Hook runtime API
Python/Bun scripts reach maand through an in-process HTTP API on the CLI host. For when to use hooks and event names, see cli/hooks.md.
Execution model
Open DB + kv.Initialize
StartRuntimeAPI (HTTP on localhost:8080 in maand process)
Resolve worker set for the event (active, allocated, rollout batch, or filtered)
Resolve rollout order (rollout_order KV when valid, else catalog order)
Split workers into batches (max_concurrent_upgrades, or max_concurrent_starts for first-start hooks)
For each batch (sequential):
For each allocation in the batch (parallel within batch):
Stage tmp/workers/<ip>/jobs/<job>/ from job_files + certs from KV
Run script on CLI host via bash (python3 or bun)
Script reaches API at HOOK_API_HOST=127.0.0.1
Commit (CLI path) or return error to caller (deploy / health_check)
Important details:
- Where code runs: bash on the CLI host, working directory = bucket root. Output is logged to structured lines in
logs/<worker_ip>.log(orlogs/maand.logfor bucket-local). Each line includes timestamp, run id, command phase, and payload. Per-run copies live underlogs/runs/<run_id>/. - Per-allocation context: one process per allocation; env vars identify worker IP and allocation UUID even though the process is local.
- Worker access: use Python
run_ssh,run_runner_target, orrun_make_targetto execute onALLOCATION_IP. Bun scripts must shell out tosshthemselves or call a Python helper. - Staging:
tmp/workers/<ip>/jobs/<job>/mirrors deploy layout (files + certs) so scripts can read local copies if needed. - Batching: every hook event uses the same rollout order and batch width rules (see below). Batches run one after another; allocations inside a batch run in parallel.

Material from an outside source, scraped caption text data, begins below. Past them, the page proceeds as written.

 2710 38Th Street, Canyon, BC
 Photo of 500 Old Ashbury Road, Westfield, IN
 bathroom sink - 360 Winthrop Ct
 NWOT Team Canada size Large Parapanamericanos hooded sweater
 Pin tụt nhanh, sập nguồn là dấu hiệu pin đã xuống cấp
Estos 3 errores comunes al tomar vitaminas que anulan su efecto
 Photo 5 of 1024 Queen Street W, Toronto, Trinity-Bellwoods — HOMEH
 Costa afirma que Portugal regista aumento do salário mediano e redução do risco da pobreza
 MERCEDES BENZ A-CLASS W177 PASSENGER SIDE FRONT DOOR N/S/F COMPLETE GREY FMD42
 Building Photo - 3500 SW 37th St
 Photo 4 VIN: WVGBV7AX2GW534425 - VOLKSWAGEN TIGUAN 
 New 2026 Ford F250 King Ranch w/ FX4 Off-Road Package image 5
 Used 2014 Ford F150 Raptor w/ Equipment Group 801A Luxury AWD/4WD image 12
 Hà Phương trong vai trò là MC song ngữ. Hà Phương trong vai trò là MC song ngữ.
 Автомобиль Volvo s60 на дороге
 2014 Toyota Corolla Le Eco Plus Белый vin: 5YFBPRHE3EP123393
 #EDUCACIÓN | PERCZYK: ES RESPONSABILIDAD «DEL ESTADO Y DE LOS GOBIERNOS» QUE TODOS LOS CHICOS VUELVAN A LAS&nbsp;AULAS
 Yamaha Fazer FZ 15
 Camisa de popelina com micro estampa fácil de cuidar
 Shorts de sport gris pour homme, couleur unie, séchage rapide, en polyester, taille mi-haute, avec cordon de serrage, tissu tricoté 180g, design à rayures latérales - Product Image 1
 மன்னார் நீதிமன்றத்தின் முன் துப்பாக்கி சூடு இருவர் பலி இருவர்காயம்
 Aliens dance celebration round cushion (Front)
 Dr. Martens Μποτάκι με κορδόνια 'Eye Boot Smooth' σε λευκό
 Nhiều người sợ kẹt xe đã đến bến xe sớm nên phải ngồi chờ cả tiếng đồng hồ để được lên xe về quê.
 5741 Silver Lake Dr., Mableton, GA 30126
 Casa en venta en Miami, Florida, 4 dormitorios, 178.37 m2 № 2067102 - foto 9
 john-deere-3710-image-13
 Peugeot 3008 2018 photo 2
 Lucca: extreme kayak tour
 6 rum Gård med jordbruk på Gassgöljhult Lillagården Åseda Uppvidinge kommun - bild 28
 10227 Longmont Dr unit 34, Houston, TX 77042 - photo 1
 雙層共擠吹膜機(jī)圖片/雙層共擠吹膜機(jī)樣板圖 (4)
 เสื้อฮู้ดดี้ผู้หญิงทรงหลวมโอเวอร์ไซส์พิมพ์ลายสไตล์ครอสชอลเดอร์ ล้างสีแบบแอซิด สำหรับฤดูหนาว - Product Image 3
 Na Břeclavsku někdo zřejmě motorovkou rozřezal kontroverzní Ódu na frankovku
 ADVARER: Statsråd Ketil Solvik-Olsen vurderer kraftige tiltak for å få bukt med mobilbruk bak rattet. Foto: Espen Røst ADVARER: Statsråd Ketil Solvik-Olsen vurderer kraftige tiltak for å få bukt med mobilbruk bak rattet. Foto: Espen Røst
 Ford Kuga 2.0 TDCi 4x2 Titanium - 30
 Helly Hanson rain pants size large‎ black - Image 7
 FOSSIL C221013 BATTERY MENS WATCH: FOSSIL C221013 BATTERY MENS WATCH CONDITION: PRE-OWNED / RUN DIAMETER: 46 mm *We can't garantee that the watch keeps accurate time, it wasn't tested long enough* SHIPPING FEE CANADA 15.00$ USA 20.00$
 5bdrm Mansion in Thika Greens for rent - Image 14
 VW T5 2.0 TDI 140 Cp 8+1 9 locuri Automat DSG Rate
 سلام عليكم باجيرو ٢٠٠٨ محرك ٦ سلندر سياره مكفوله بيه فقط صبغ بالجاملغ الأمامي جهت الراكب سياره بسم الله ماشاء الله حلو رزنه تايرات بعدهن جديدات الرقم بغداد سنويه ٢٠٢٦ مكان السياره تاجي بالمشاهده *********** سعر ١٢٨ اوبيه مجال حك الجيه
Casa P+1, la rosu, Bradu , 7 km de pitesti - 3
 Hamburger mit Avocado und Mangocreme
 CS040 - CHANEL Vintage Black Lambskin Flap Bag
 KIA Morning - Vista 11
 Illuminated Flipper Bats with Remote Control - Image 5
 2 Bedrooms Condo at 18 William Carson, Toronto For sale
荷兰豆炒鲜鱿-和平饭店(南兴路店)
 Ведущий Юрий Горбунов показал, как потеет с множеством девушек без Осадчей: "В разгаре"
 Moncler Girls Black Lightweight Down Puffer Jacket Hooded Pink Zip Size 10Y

Environment variables (hook scripts)
Per allocation
| Variable | Meaning |
|---|---|
ALLOCATION_ID |
Stable allocation UUID |
ALLOCATION_IP |
Worker host for this invocation |
ALLOCATION_INDEX |
Zero-based index among non-removed peers (same as <job>_allocation_index in per-allocation KV) |
JOB |
Job name |
EVENT |
Event name (pre_deploy, cli, …) |
COMMAND |
Command name |
DISABLED |
0 or 1 — allocation marked disabled in catalog |
CURRENT_VERSION |
Running version on this allocation (0.0.0 before first promote) |
NEW_VERSION |
Target version from the current build/deploy plan |
HOOK_API_HOST |
Host to reach runtime API (127.0.0.1) |
BUCKET_ROOT |
Absolute path to the maand bucket on the CLI host |
Target version is job-level KV maand/job/<job>/version and env NEW_VERSION. Running vs target for rollout logic lives in the catalog (hash.current_version, allocations.new_version) and template fields .CurrentVersion / .NewVersion.
Per batch
Every hook invocation also receives batch context for the current wave:
| Variable | Meaning |
|---|---|
BATCH_ALLOCATIONS |
Comma-separated worker IPs in this batch |
BATCH_INDEX |
Zero-based batch index |
BATCH_COUNT |
Total batches in this run |
DEPLOY_PHASE |
Phase label (new, update, stop, health_check, pre_deploy, job_control, cli, …) |
ROLLOUT_ORDER |
Full comma-separated order list for this worker set |
ROLLOUT_ORDER_SOURCE |
kv or default |
JOB is set on every script; batch hooks set it again alongside the batch vars above.
Event-specific
| Event | Extra variables |
|---|---|
Deploy job_control |
NEW_ALLOCATIONS, UPDATED_ALLOCATIONS |
maand job / jobcontrol job_control |
TARGET (start, stop, restart, reload, or a Makefile target) |
Batching
Worker order comes from rollout_order in KV when the list matches the current worker set; otherwise maand uses catalog order. Override order in pre_deploy or cli with put_rollout_order() — see kv/namespaces.md.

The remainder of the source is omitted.